*ASSIGNED TASK:* All that is needed is the lines from the one containing "-山川小町·极番烧肉(新地假日广场店)" through the end of the listing, printed exactly, with no pictures among them.

*RECORDS PROVIDED:*

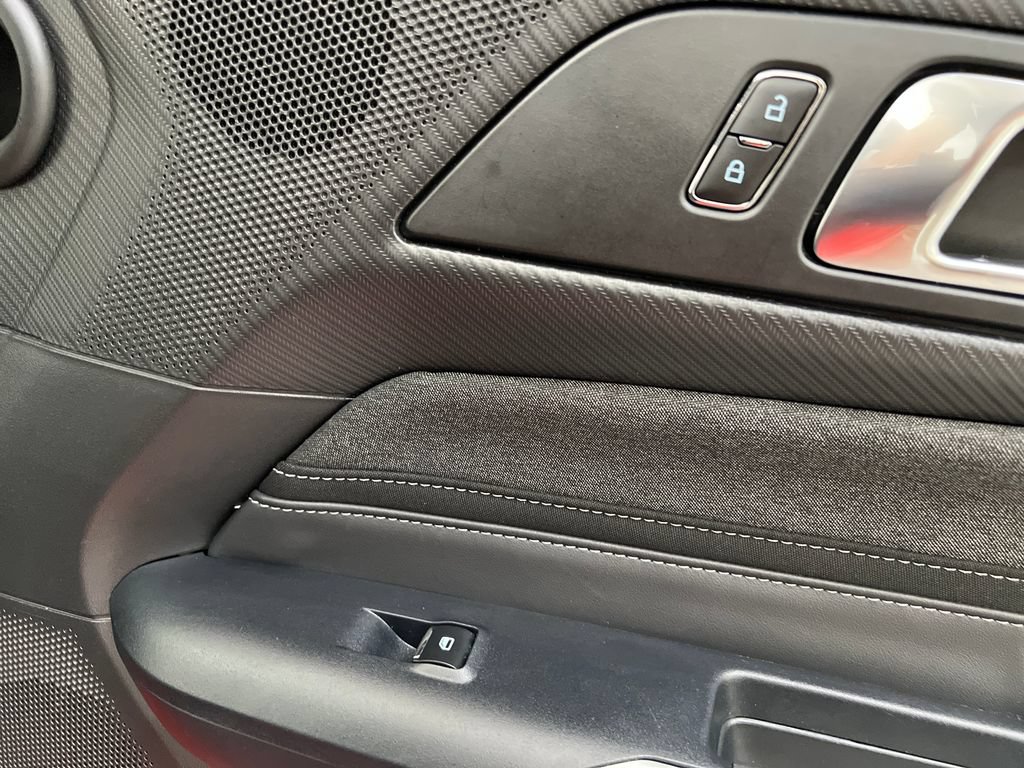 Used 2025 Ford Mustang Coupe RWD image 23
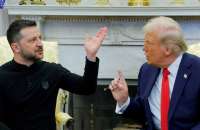 Трамп поговорил с Зеленским за несколько минут до беседы с Путиным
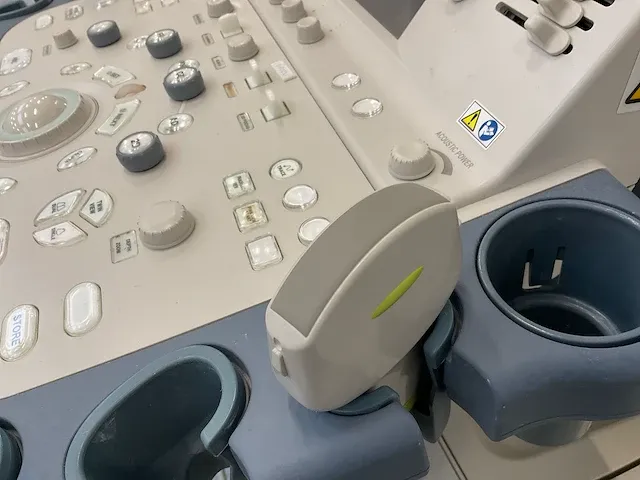 Toshiba - aplio xg - ultrasound equipment - afbeelding 9 van  12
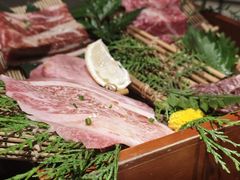 -山川小町·极番烧肉(新地假日广场店)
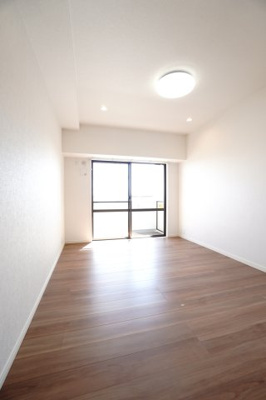 【洋室】 | 【上質リノベ】井口台パークヒルズ壱番館 | 【洋室約6.7帖】
心と体をゆったりと安らげる主寝室。
寝室のゆとりが大きい分だけ、
暮らしの安らぎは深まります。
一日の疲れを癒すだけでなく、
ご夫婦の親密な語らいを紡ぎ出します。
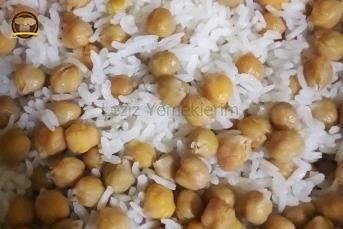 Tane Tane Nohutlu Pilav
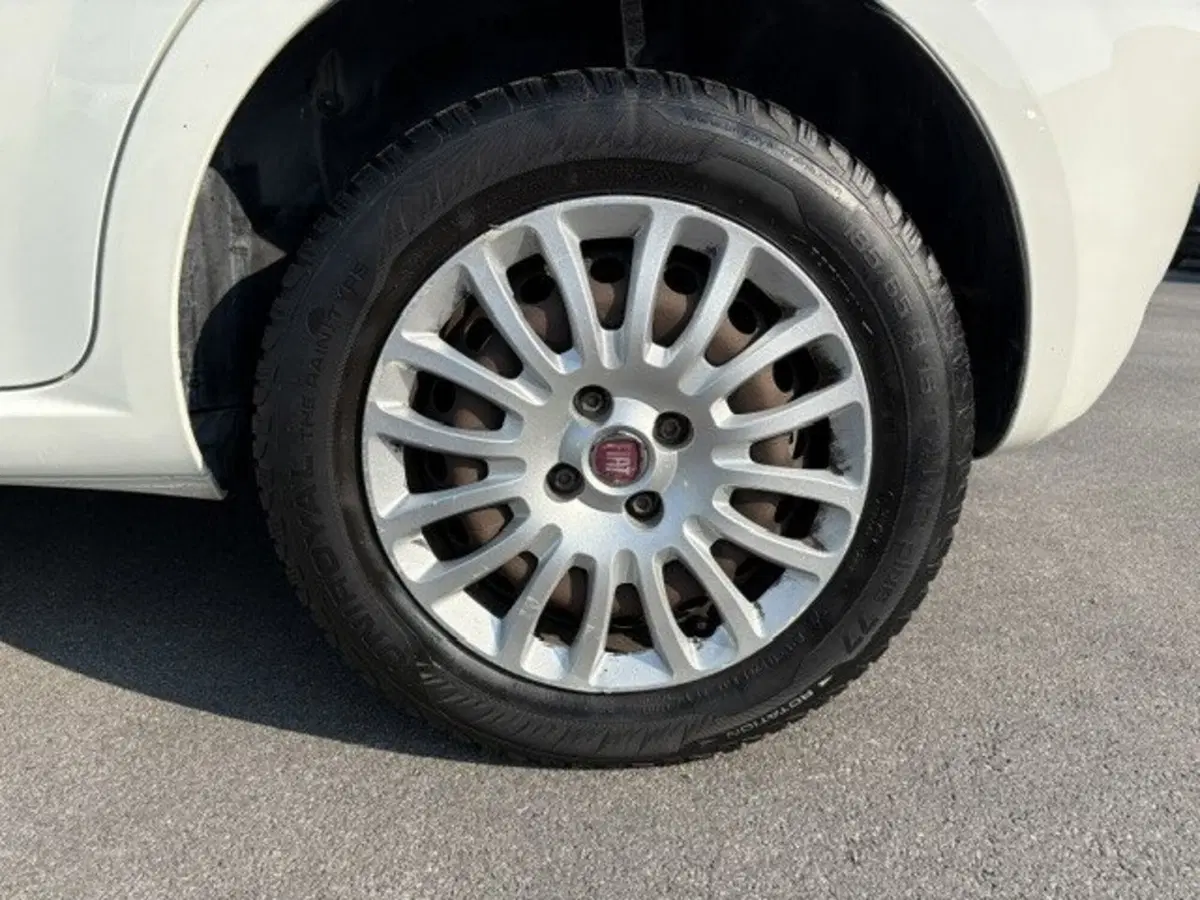 Fiat Punto usata a Macerata (9)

*RESPONSE FOR THIS EXERCISE:*
 -山川小町·极番烧肉(新地假日广场店)
 【洋室】 | 【上質リノベ】井口台パークヒルズ壱番館 | 【洋室約6.7帖】
心と体をゆったりと安らげる主寝室。
寝室のゆとりが大きい分だけ、
暮らしの安らぎは深まります。
一日の疲れを癒すだけでなく、
ご夫婦の親密な語らいを紡ぎ出します。
 Tane Tane Nohutlu Pilav
 Fiat Punto usata a Macerata (9)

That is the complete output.